3. Il résulte de ce qui précède que le recours doit être rejeté et la décision attaquée confirmée.
Compte tenu de ses ressources, le recourant a été mis au bénéfice de l'assistance judiciaire par décision du 23 octobre 2015. L'avocat qui procède au bénéfice de l'assistance judiciaire dans le canton de Vaud peut prétendre à un tarif horaire de 180 fr. (art. 2 al. 1 let. a du règlement vaudois du 7 décembre 2010 sur l'assistance judiciaire en matière civile - RAJ; RSV 211.02.3 -, applicable par renvoi de l'art. 18 al. 5 LPA-VD) et aux débours figurant sur la liste des opérations et débours (art. 3 al. 1 RAJ).
En l'occurrence, l'indemnité de Me Z________peut être arrêtée, compte tenu de la liste des opérations produite, à un montant total de 3’710.85, correspondant à 3’420 fr. d'honoraires, 16 fr. de débours et 274 fr. 85 de TVA.

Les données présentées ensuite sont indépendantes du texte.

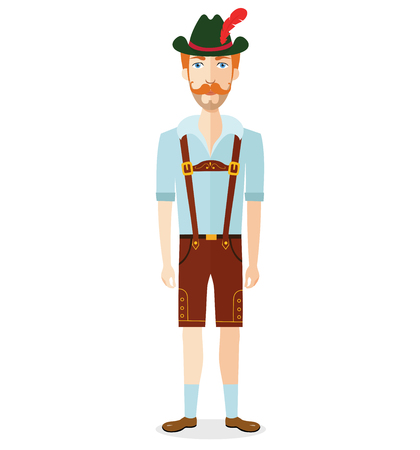 German cartoon oktoberfest man in traditional costume flat vector illustration isolated on white eps 10のイラスト素材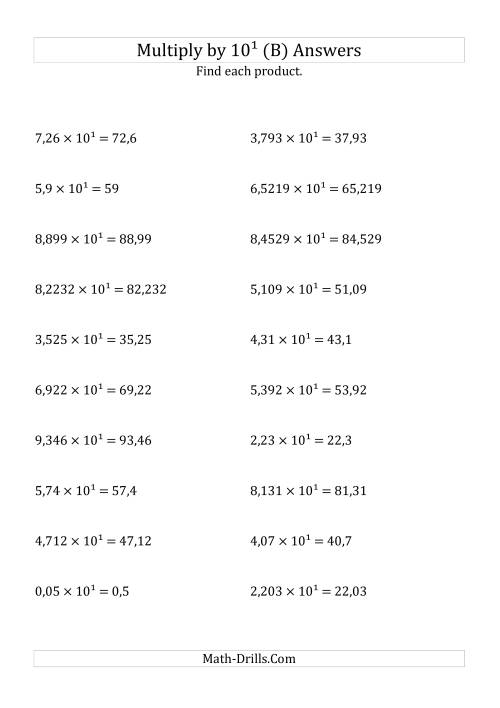The Multiplying Decimals by 10<sup>1</sup> (B) Math Worksheet Page 2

L'indemnité de conseil d'office est supportée provisoirement par le canton (cf. art. 122 al. 1 let. a du code de procédure civil du 19 décembre 2008 - CPC; RS 272 -, applicable par renvoi de l'art. 18 al. 5 LPA-VD), le recourant étant rendu attentif au fait qu'il est tenu de rembourser le montant ainsi avancé dès qu'il est en mesure de le faire (art. 123 al. 1 CPC, applicable par renvoi de l'art. 18 al. 5 LPA-VD).
Par ces motifs
la Cour de droit administratif et public
du Tribunal cantonal
arrête:
I. Le recours est rejeté.
II. La décision du Service de la population du 10 juillet 2015 est confirmée.

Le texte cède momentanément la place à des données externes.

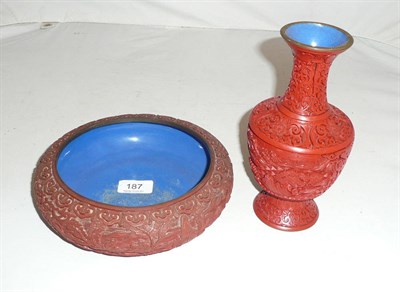 Lot 187 - A cinnabar lacquer shallow bowl and a vase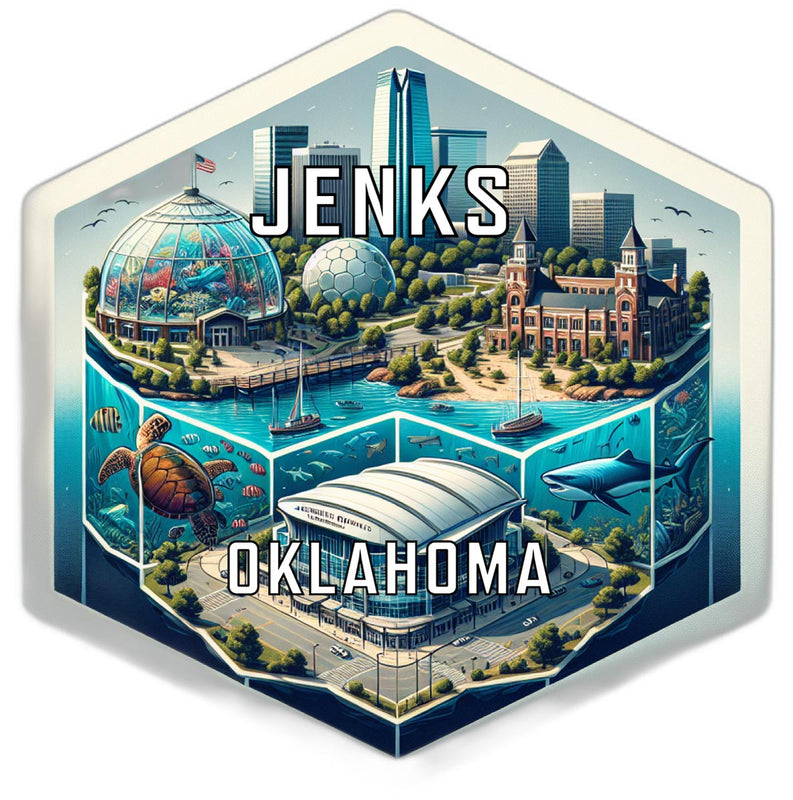 Jenks Oklahoma Souvenir Travel Destination Die Cut Hexagon Fridge Magnet 2-Inch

III. Les frais judiciaires, arrêtés à 500 (cinq cents) francs, sont laissés à la charge de l’Etat.
IV. L’indemnité d’office de Me D. Z________est arrêtée à 3’710 fr. 85 (trois mille sept cents dix) francs et 85 (huitante-cinq) centimes, TVA comprise.
V. Le bénéficiaire de l’assistance judiciaire est, dans la mesure de l’art. 123 CPC, applicable par renvoi de l’art. 18 al. 5 LPA-VD, tenu au remboursement des frais judiciaires et de l’indemnité du conseil d’office mis à la charge de l’Etat.
Lausanne, le 16 février 2016
Le
président:
Le présent arrêt est communiqué aux destinataires de l'avis d'envoi ci-joint, ainsi qu'au Secrétariat d'Etat aux migrations (SEM).
Il peut faire l'objet, dans les trente jours suivant sa notification, d'un recours au Tribunal fédéral. Le recours en matière de droit public s'exerce aux conditions des articles 82 ss de la loi du 17 juin 2005 sur le Tribunal fédéral (LTF - RS 173.110), le recours constitutionnel subsidiaire à celles des articles 113 ss LTF. Le mémoire de recours doit être rédigé dans une langue officielle, indiquer les conclusions, les motifs et les moyens de preuve, et être signé. Les motifs doivent exposer succinctement en quoi l’acte attaqué viole le droit. Les pièces invoquées comme moyens de preuve doivent être jointes au mémoire, pour autant qu’elles soient en mains de la partie; il en va de même de la décision attaquée.